■ **Supplied material**
_ _ _
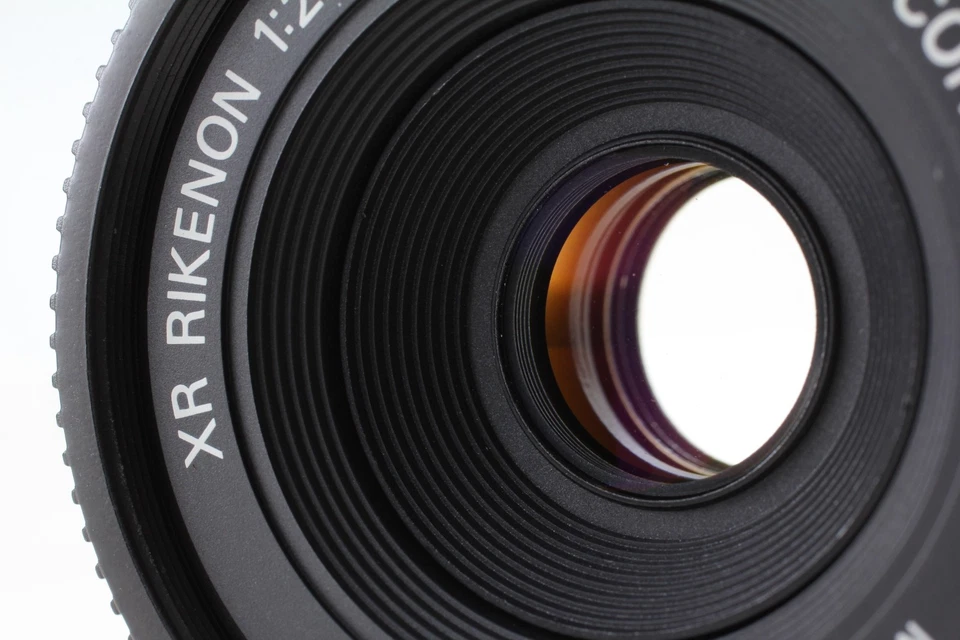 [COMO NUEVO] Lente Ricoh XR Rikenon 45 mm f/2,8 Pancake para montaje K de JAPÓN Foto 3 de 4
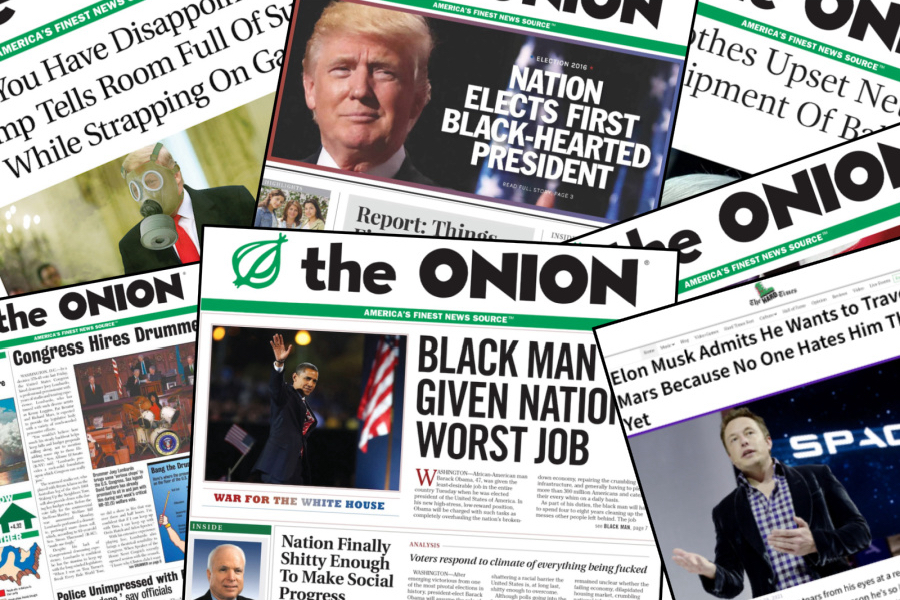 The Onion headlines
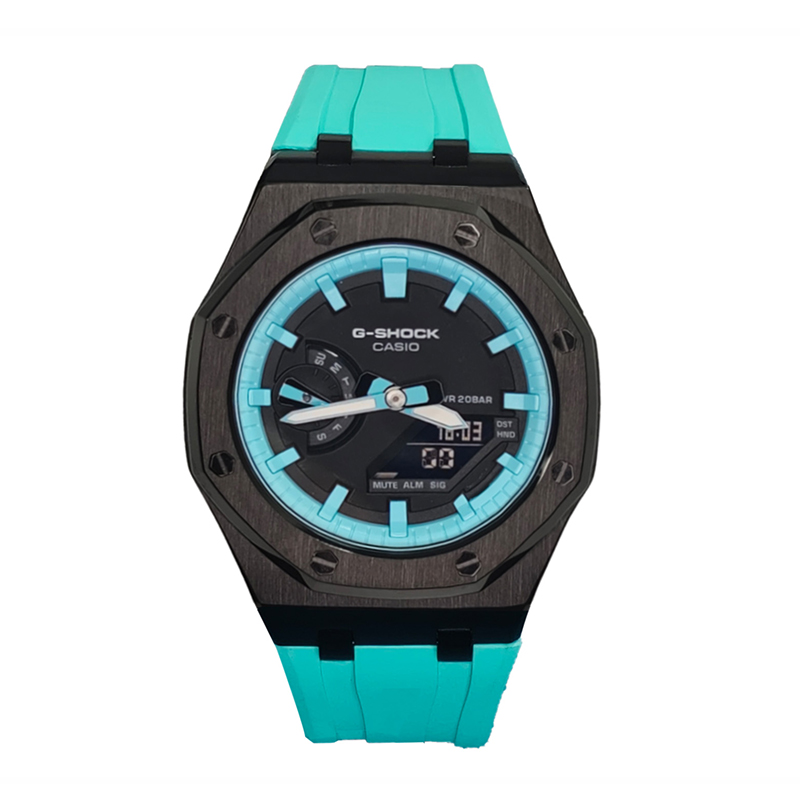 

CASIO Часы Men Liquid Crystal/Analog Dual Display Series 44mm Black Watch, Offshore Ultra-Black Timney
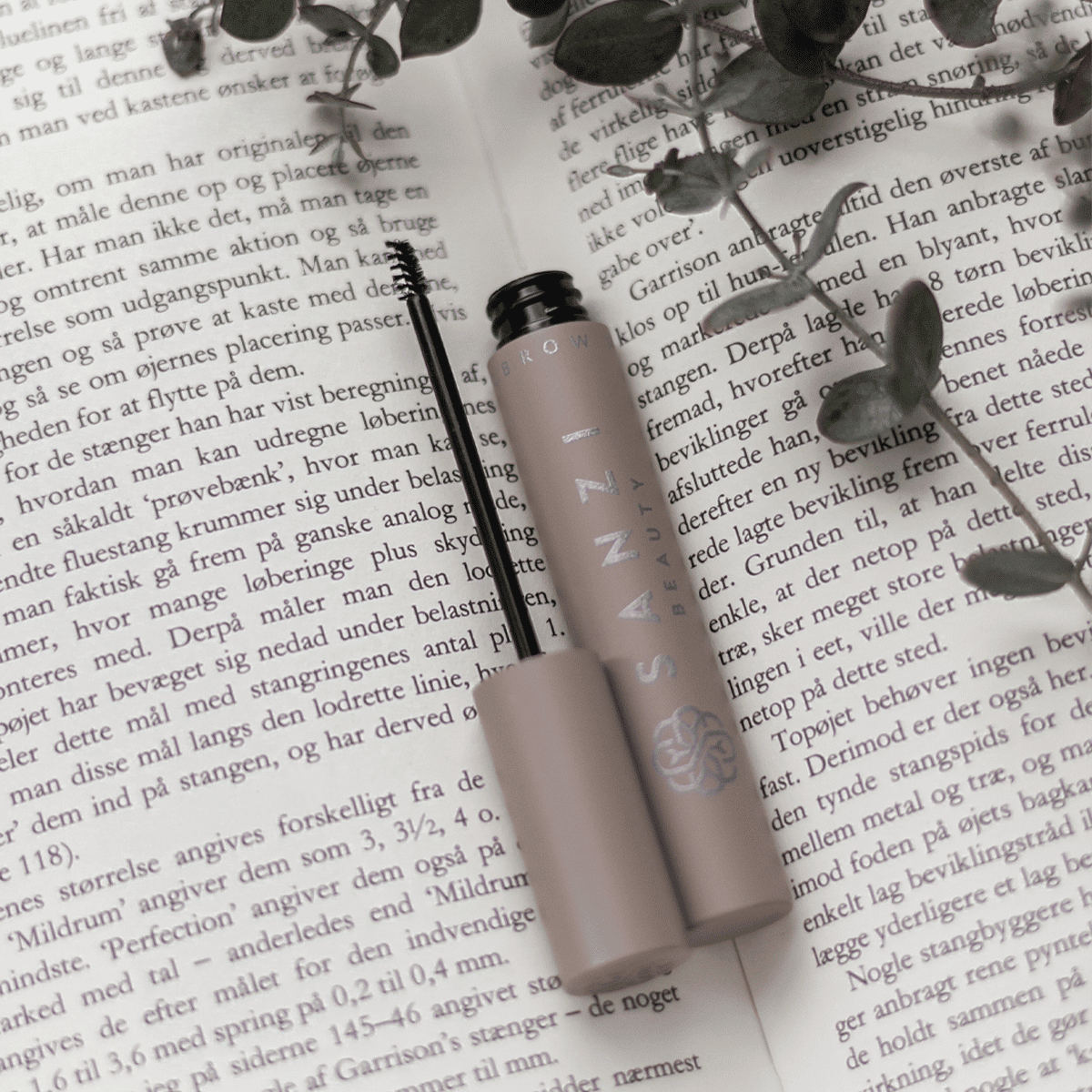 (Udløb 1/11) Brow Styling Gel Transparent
_ _ _
■ **Assigned task**
The answer must be the full listing, word for word, with no images in it.

■ **Output for this task**
 [COMO NUEVO] Lente Ricoh XR Rikenon 45 mm f/2,8 Pancake para montaje K de JAPÓN Foto 3 de 4
 The Onion headlines

CASIO Часы Men Liquid Crystal/Analog Dual Display Series 44mm Black Watch, Offshore Ultra-Black Timney
 (Udløb 1/11) Brow Styling Gel Transparent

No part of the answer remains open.